This subject is a sensitive one for most parents. To spank or not to spank - that is the question.
I was alarmed today to see on Fox news that someone was making and giving away spanking "paddles". They were huge! I think (I'm not a great judge of sizes) he was just taking a 2x4 plank and sanding it down. Even when he placed a message on the "plank" saying "Do not use in anger" - it still would not be something I would use on any child. (check tomorrow for the story on www.foxnews.com/foxfriends/index.html )
Fox interviewed a psychologist about the incident. She was totally against any spanking and said that all disciplinary actions could be done with the "hairy eyeball" (a mean look). I don't think that would work either.
So, what is the answer?
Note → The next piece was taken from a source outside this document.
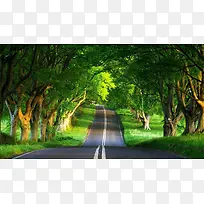 绿色树林乡间小路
I don't agree with either one.
First let's look at the problem.
You've heard the old saying, Spare the rod, spoil the child.
The Bible says, "He who spares the rod hates his son, but he who loves him is careful to discipline him." Proverbs 13-24
"Do not withhold discipline from a child; if you punish him with the rod, he will not die. Punish him with the rod and save his soul from death." Prov. 23:13-14
Because of those verses many Christian parents believe it is within their rights to spank their children well into the pre-teen years. Some even believe in beating their children. I don't think that the Bible ever supports abuse with anyone at anytime. Christianity is about compassion, love and logical requirements for a good life.
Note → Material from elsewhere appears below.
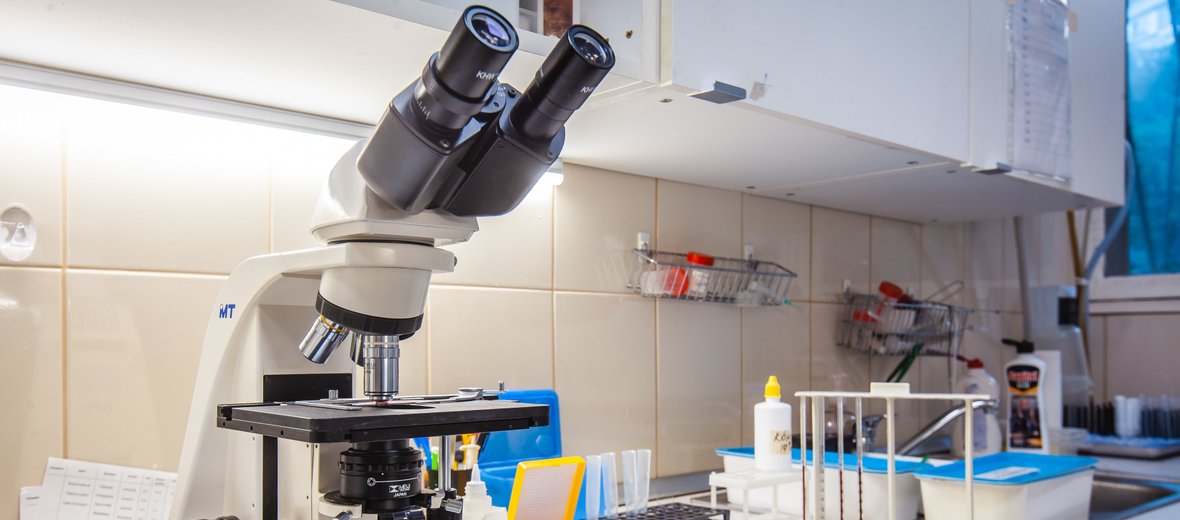 ветеринария: выездная ветеринарная служба — Ветеринарная клиника Акела ...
Some psychologists have determined through statistics (which many times are unreliable) that adult domestic violence can be related to any type of spanking. I think that's probably a far stretch.
Here's the truth about discipline and spanking....
First we have to determine the purpose of spanking. Spanking in and of itself will not change behavior. Spanking alone is nothing more than hitting. If you are a good parent, you probably teach your child not to hit - if you hit, won't that cause confusion?
Spanking alone without any other input or if it's used as a constant disciplinary tool can cause domestic violence later on.
Restricted spanking coupled with training will change behavior.
For example, spanking should not be done with anything other than your hand and it should only be done on the buttocks. You should never shake a child or slap their face. Anything other than a swat or two on the buttocks to gain their attention is hitting and not good discipline.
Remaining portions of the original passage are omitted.